There has been a massive build out of computer technology since-World War II. The program was more or less defined by some point in the 1970s. Elsewhere, I commented on my 1977 trip to see the ARPANET. By then, everyone was with the program: workstations, desktops, laptops, handhelds, wired and wireless connectivity, capability oriented security, mathematical cryptography, object oriented programming and so on. It took a while for the Dynabook prototype to turn into an iPad or the ARPANET to build out to 5G, but, so far, it has played out like Seldon's plan in Foundation.
Apple has been one of the big drivers for the past 30 years or so. For a while, it seemed Apple was the only innovator. Everyone in the industry copied their designs even though the company itself was often on the verge of bankruptcy. Meanwhile, the build out continued turning ideas and prototypes from the past into every day reality. It may have looked like pure innovation to the rest of the world, but for those with perspective, it was just checking off deliverables in a long term contract.
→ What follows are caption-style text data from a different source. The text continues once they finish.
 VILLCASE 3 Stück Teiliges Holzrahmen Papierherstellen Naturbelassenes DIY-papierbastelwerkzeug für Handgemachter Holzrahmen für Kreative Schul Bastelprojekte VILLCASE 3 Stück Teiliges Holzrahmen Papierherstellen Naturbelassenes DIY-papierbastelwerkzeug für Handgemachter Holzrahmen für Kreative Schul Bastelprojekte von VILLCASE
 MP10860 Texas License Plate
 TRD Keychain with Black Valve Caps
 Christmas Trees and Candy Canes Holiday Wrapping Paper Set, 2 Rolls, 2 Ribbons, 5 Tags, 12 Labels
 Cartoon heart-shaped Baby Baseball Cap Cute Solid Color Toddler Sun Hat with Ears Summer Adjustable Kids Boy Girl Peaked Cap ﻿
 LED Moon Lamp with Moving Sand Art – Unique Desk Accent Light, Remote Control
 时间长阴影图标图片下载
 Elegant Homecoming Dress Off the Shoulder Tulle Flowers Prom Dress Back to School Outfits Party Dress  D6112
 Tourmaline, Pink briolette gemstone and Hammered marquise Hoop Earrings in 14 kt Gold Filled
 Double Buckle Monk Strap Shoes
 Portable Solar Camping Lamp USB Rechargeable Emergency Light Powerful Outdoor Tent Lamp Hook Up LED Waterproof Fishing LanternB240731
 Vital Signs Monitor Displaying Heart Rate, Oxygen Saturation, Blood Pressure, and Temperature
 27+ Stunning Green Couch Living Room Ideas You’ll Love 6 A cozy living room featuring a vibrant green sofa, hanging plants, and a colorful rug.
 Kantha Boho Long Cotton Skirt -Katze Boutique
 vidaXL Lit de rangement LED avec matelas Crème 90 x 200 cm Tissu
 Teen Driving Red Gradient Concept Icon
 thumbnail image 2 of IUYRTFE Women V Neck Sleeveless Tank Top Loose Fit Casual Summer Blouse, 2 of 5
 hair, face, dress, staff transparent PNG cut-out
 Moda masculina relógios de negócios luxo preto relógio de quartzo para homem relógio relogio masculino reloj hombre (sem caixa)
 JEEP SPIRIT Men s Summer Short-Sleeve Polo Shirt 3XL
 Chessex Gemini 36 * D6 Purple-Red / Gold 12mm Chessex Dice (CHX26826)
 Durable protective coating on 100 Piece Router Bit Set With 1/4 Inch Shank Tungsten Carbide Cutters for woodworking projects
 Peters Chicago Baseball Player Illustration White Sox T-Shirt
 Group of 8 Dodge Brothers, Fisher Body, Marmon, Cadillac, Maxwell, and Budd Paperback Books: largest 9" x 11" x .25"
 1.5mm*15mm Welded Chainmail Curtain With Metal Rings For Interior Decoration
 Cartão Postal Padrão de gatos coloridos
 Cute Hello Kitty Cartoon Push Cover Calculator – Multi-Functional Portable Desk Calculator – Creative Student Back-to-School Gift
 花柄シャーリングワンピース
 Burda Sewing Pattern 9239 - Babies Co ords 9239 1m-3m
The current stagnation flows from otherwise successful corporate business models. Ever since Von Neumann refused to patent the modern CPU, progress has involved breaking down or ignoring barriers. There were the IBM and Microsoft antitrust cases that opened the industry. There was Al Gore's push to open the internet to commercial enterprise. There was Apple's deal with AT&T that opened the cellular networks to computing. Much modern computing technology was based on work arounds, jail breaking, unauthorized API use and the like.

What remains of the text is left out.